Increased investor optimism since the federal election has not been matched with earnings recovery, as the Australian sharemarket continues to look expensive.
The forward price-earnings ratio – a method of valuation dividing a company’s share price by earnings forecasts – for the benchmark S&P/ASX200 has remained well above its five-year average of 13.7 times, with the market priced at 15.4 times.
After a disappointing annual meeting season that has seen several earnings downgrades, the likelihood of any upgrades seems low, said Credit Suisse analyst Damien Boey.
‘‘It’s certainly not sales or earnings which are shooting the lights out here,’’ he said. ‘‘I think this round of p/e expansion is very unusual.’’
Since September, forward p/e ratios have remained relatively stable, indicating that investors in cyclical stocks are waiting for earnings to catch up.

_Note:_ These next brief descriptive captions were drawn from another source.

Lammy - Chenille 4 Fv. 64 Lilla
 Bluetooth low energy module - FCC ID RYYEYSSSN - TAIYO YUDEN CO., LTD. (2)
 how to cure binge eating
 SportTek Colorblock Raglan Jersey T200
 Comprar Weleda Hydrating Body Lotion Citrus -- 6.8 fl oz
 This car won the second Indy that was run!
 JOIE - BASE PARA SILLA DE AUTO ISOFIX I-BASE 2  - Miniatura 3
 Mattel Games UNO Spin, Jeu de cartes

‘‘It’s unusual and to my mind, it’s dangerous,’’ Mr Boey said. ‘‘It’s optimism built upon optimism.’’
Investors will be keenly watching capital expenditure numbers, due on Thursday, in the hope that non-mining investment can pick up what is expected to be lacking from mining investment.
In recent years, mining investment has been a key driver of the economy, but future spending is expected to fall sharply as miners continue to consolidate projects rather than engage in new mega-projects.
‘‘Over the next few years we have a big capex cliff that we need to offset, and it’s still not apparent that the usual sectors, like retail and housing, will be recovering sufficiently strongly to offset what’s happening with the mining capex downturn,’’ said Mr Boey. Australia’s market has re-rated over the past year, said Deutsche Bank strategist Tim Baker. Compared with major regions, Australia’s price-to-earnings ratio is on the high side, but Mr Baker said there were reasons it could remain supported.
“Resources and cyclical industrials together account for 37 per cent of the market, compared to the 10-year average of 44 per cent. A normalisation of earnings in time should lift this ratio, and investors may be willing to look ahead and pay a higher near-term multiple than normal.”
The second reason, according to Mr Baker, is that Australia is likely to enjoy solid support from superannuation funds.
Goldman Sachs also agreed that the Australian market looked expensive, relative to global markets. “Looking for value has become increasingly challenging as the rally has extended and earnings have continued to disappoint,” the investment bank said in its outlook for equities.
Goldman Sachs said it expected ASX 200 earnings to grow by 9 per cent in 2014, 3 per cent below consensus, after single digit falls in the last two years.